Gernot Müller (Eberhard-Karls-University Tübingen and CEPR) - Big G

Co-authors: Lydia Cox (Harvard University), Ernesto Pasten (Central Bank of Chile and Toulouse School of Economics), Michael Weber (Booth School of Business, University of Chicago and NBER) and Raphael Schoenle (Brandeis University and CEPR)

“Big G” typically refers to aggregate government spending on a homogeneous good. In this paper, we open up this construct by analyzing the entire universe of procurement contracts of the U.S. federal government and establish five facts. First, government spending is granular; that is, it is concentrated in relatively few firms and sectors. Second, relative to private spending its composition is biased. Third, at the contract, firm and sectoral level moderate persistence characterizes spending. Fourth, idiosyncratic variation dominates fluctuations in spending. Last, government spending is concentrated in sectors with relatively sticky prices.
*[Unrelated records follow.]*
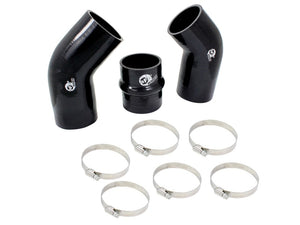 AFE 46-20170AA unner Couplings and Clamp Kit GT Series Intercooler 14-15 fits R
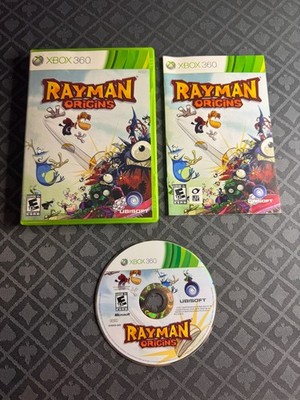 Rayman Origins Xbox 360 PAL FR Fonctionnel
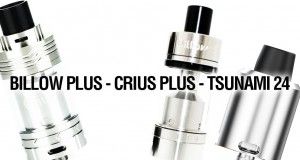 Billow Plus – Crius Plus – Tsunami 24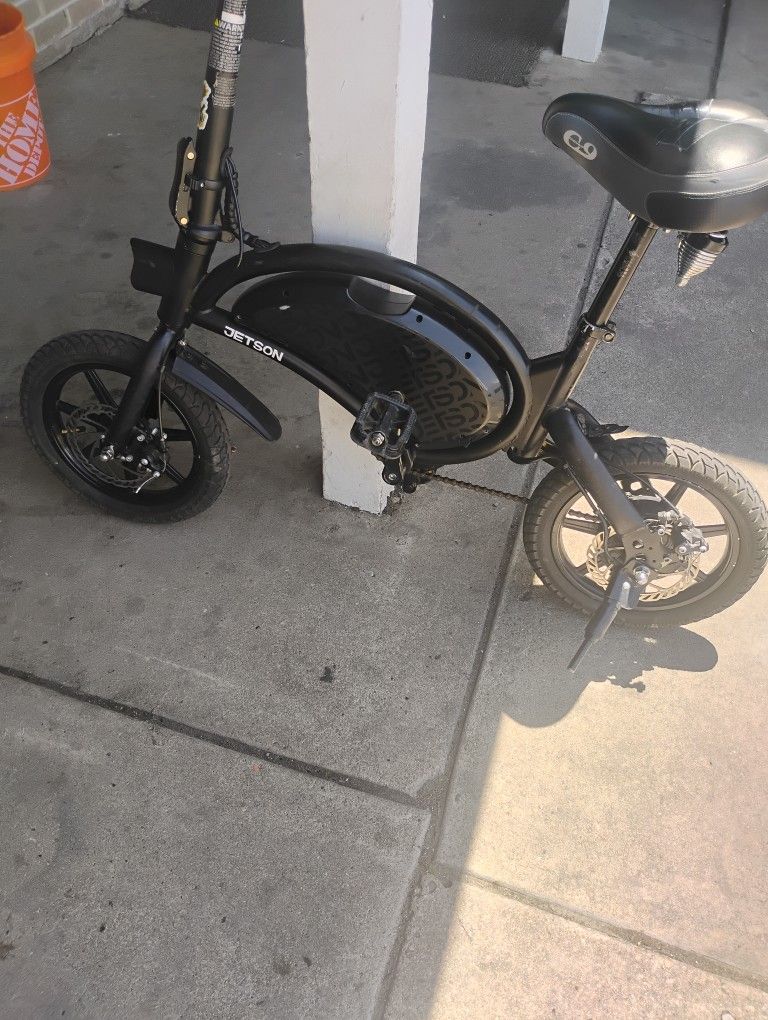 Jetsons E Bike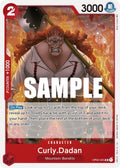 (OP02-005) Curly.Dadan - Uncommon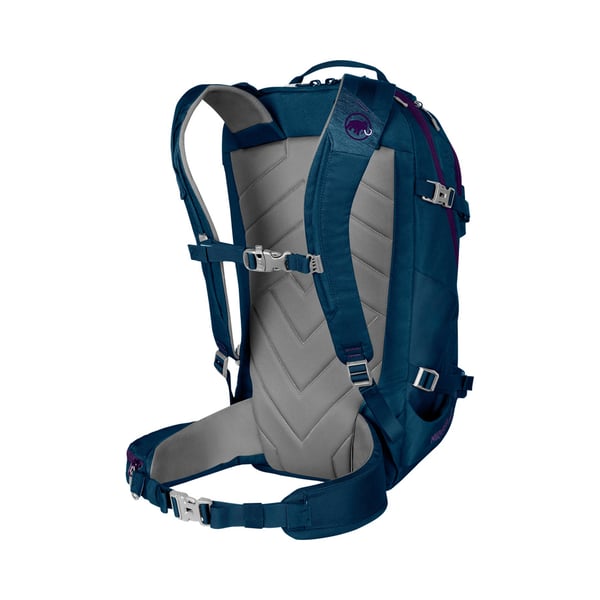 skidryggsäck, MAMMUT NIRVANA S  20L Marine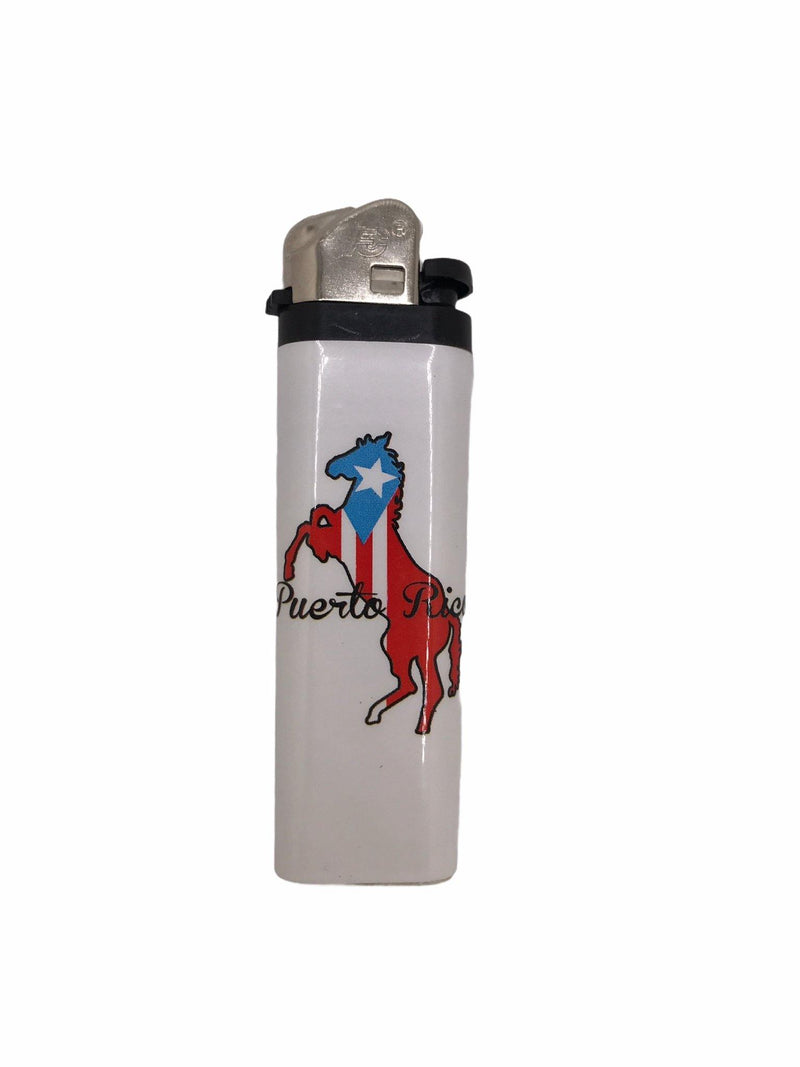 Souvenir Puerto Rico - Lighter.
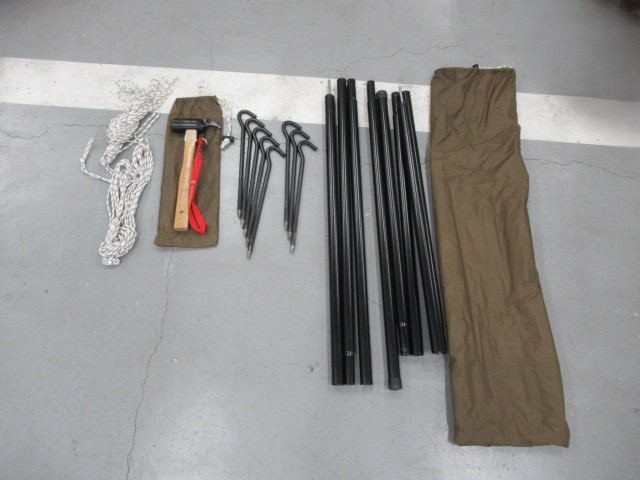 Snow Peak（スノーピーク）  アメニティヘキサLセット TP-851S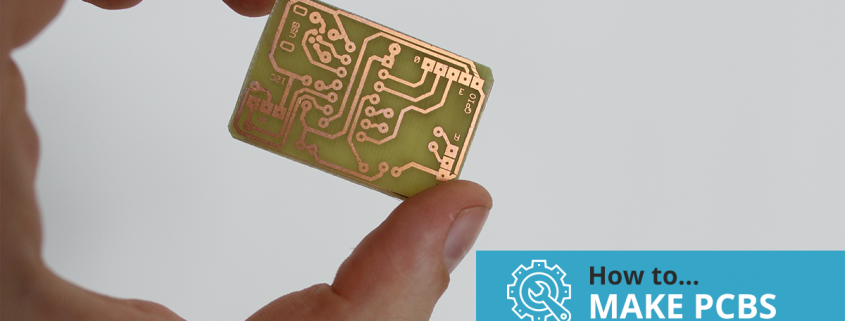 How to make PCBs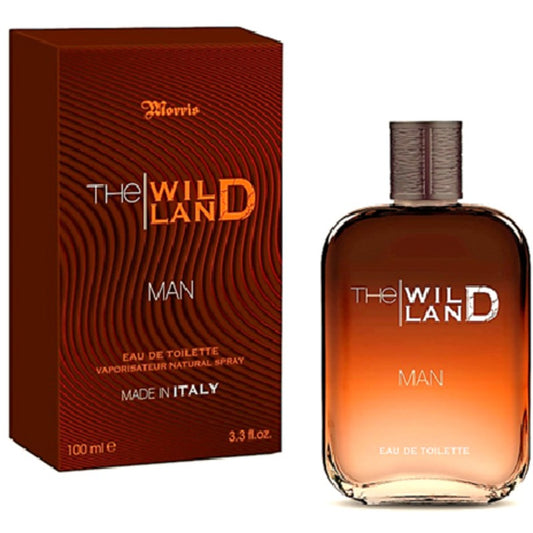 Morris The Wild Land Man Edt. 100 ml. Spray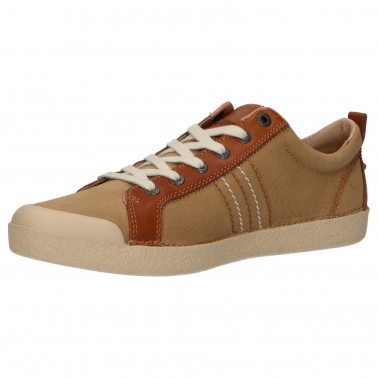 Man Trainers KICKERS 471062-60 TRIDENT  91 MARRON CLAIR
Accounting for these facts within a stylized New Keynesian model offers new insights into the fiscal transmission mechanism and aligns the model predictions with the empirical evidence: Fiscal shocks hardly impact inflation, little crowding out of private expenditure occurs, markups can be either pro-cyclical or counter-cyclical, and the multiplier tends to be larger compared to a one-sector benchmark.